• **What is required**: Please print the records below exactly as they are written.

• **Task data**:
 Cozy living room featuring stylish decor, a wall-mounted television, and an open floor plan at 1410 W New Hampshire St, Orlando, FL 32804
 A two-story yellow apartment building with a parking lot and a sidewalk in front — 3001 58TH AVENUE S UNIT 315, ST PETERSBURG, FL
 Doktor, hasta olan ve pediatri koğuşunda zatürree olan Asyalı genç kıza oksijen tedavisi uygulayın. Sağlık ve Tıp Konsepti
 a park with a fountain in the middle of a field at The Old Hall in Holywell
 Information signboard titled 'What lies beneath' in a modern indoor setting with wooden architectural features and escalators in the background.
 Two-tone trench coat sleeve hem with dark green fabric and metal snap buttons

• **Exercise output**:
 Cozy living room featuring stylish decor, a wall-mounted television, and an open floor plan at 1410 W New Hampshire St, Orlando, FL 32804
 A two-story yellow apartment building with a parking lot and a sidewalk in front — 3001 58TH AVENUE S UNIT 315, ST PETERSBURG, FL
 Doktor, hasta olan ve pediatri koğuşunda zatürree olan Asyalı genç kıza oksijen tedavisi uygulayın. Sağlık ve Tıp Konsepti
 a park with a fountain in the middle of a field at The Old Hall in Holywell
 Information signboard titled 'What lies beneath' in a modern indoor setting with wooden architectural features and escalators in the background.
 Two-tone trench coat sleeve hem with dark green fabric and metal snap buttons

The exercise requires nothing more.